For both of the examples we observe the following constraint parameters from exemplar images:

  1. \(\{ m \: | \: \sigma_1 \leq m[i] \leq \sigma_2 \}\) (upper and lower bounds)
  2. \(\{ m \: | \: \sum_{j=1}^k \lambda[j] \leq \sigma_3 \}\) with \(m = \operatorname{vec}( \sum_{j=1}^{k}\lambda[j] u_j v_j^\top )\) is the SVD of the image (nuclear norm)
  3. \(\{ m \: | \: \sum_{j=1}^k \lambda[j] \leq \sigma_4 \}\), with \((D_z \otimes I_x)m = \operatorname{vec}( \sum_{j=1}^{k}\lambda[j] u_j v_j^* )\) is the SVD of the vertical derivative of the image (nuclear norm of discrete gradients of the image, total-nuclear-variation). Use similar constraint for the x-direction.
  4. \(\{ m \: | \: \| A m \|_1 \leq \sigma_5 \}\) with \(A = \begin{pmatrix} D_z \otimes I_x \\ I_z \otimes D_x \end{pmatrix}\) (anisotropic total-variation)
  5. \(\{ m \: | \: \sigma_6 \leq \| m \|_2 \leq \sigma_7 \}\) (annulus)
  6. \(\{ m \: | \: \sigma_8 \leq \| A m \|_2 \leq \sigma_9 \}\) with \(A = \begin{pmatrix} D_z \otimes I_x \\ I_z \otimes D_x \end{pmatrix}\) (annulus of the discrete gradients of the training images)
  7. \(\{ m \: | \: \| A m \|_1 \leq \sigma_{10} \}\) with \(A = \) discrete Fourier transform (\(\ell_1\)-norm of DFT coefficients)
  8. \(\{ m \: | \: - \sigma_{11} \leq ((D_z \otimes I_x) m)[i] \leq \sigma_{12} \}\) (slope-constraints in the \(z\)-direction, bounds on the discrete gradients of the image). Use similar constraint for the \(x\)-direction.
  9. \(\{ m \: | \: \| A m \|_1 \leq \sigma_{11} \}\) with \(A = \) discrete wavelet transform

These are nine types of convex and non-convex constraints on the model properties (\(11\) sets passed to PARSDMM because sets three and eight are applied to the two dimensions separately). For data-fitting, we add a point-wise constraint, \(\{ x \: | \: l \leq (F x - d_\text{obs}) \leq u \}\) with a linear forward model \(F \in \mathbb{R}^{M \times N}\).
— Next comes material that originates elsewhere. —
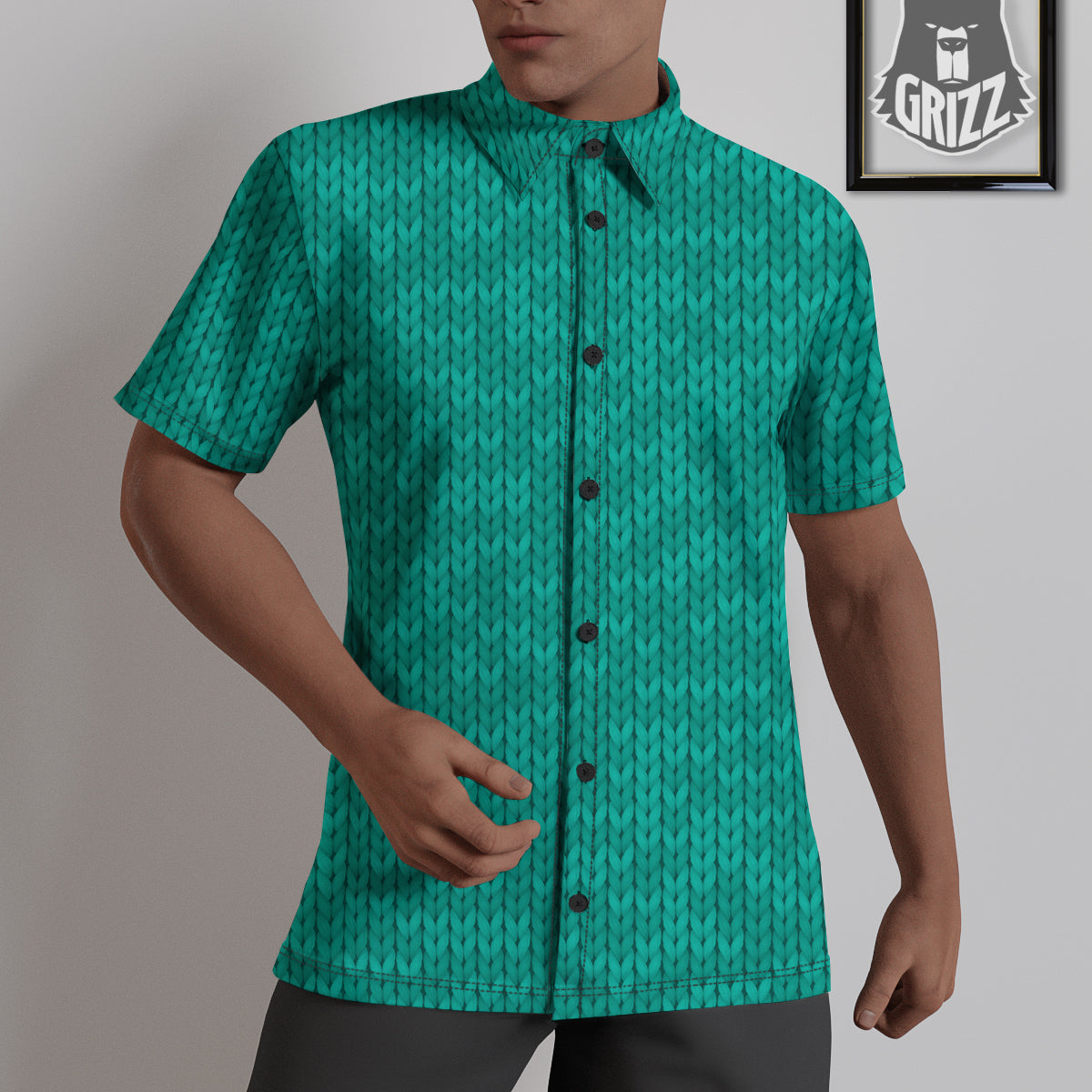 Knitted Turquoise Print Pattern Untucked Shirts-grizzshop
Example 1: joint denoising-deblurring-inpainting

The goal of the first example is to recover a \([0 - 255]\) grayscale image from \(20\%\) observed pixels of a blurred image (\(25\) pixels known motion blur), where each observed data point also contains zero-mean random noise in the interval \([-10 - 10]\). The forward operator \(F\) is thus a subsampled banded matrix (restriction of an averaging matrix). As an additional challenge, we do not assume exact knowledge of the noise level and work with the over-estimation \([-15 - 15]\). The data set contains a series of images from ‘Planet Labs PlanetScope Ecuador’ with a resolution of three meters, available at openaerialmap.org. There are \(35\) patches of \(1100 \times 1100\) pixels for training, some of which are displayed in Figure 1.
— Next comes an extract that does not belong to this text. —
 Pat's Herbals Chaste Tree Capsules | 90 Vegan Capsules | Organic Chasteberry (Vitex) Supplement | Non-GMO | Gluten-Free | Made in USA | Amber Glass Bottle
Figure1A sample of \(8\) out of \(35\) training images.

We compare the results of the proposed PARSDMM algorithm with the \(11\) learned constraints, with a basis pursuit denoise (BPDN) formulation. Basis-pursuit denoise recovers a vector of wavelet coefficients, \(c\), by solving \(\min_c \| c \|_1 \:\: \text{s.t.} \:\: \|F W^* c - d_\text{obs} \|_2 \leq \sigma\) (BPDN-wavelet) with the SPGL1 toolbox. The matrix \(W\) represents the wavelet transform: Daubechies Wavelets as implemented by the SPOT linear operator toolbox (http://www.cs.ubc.ca/labs/scl/spot/index.html) and computed with the Rice Wavelet Toolbox (RWT, github.com/ricedsp/rwt).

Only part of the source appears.